- Task description: Some entries follow. Reproduce exactly the lines starting at the one with "Detailed view of" and stopping after the one with "Fototapeta premium Large".

- Entries shown:

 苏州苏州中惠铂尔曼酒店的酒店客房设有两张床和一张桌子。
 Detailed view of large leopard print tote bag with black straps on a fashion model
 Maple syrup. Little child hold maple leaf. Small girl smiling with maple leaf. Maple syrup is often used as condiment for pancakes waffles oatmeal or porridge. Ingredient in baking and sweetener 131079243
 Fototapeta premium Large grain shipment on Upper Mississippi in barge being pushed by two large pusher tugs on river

...

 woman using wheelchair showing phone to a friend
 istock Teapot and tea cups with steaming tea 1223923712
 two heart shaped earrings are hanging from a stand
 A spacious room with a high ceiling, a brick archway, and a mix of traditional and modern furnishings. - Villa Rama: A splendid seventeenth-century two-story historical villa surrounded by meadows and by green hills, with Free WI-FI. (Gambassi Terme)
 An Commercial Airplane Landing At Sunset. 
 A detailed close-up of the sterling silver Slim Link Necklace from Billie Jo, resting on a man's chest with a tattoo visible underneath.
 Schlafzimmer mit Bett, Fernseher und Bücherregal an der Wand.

...

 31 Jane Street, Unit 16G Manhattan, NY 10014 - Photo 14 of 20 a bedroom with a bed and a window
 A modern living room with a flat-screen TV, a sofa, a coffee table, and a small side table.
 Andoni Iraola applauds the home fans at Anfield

- Your solution:
 Detailed view of large leopard print tote bag with black straps on a fashion model
 Maple syrup. Little child hold maple leaf. Small girl smiling with maple leaf. Maple syrup is often used as condiment for pancakes waffles oatmeal or porridge. Ingredient in baking and sweetener 131079243
 Fototapeta premium Large grain shipment on Upper Mississippi in barge being pushed by two large pusher tugs on river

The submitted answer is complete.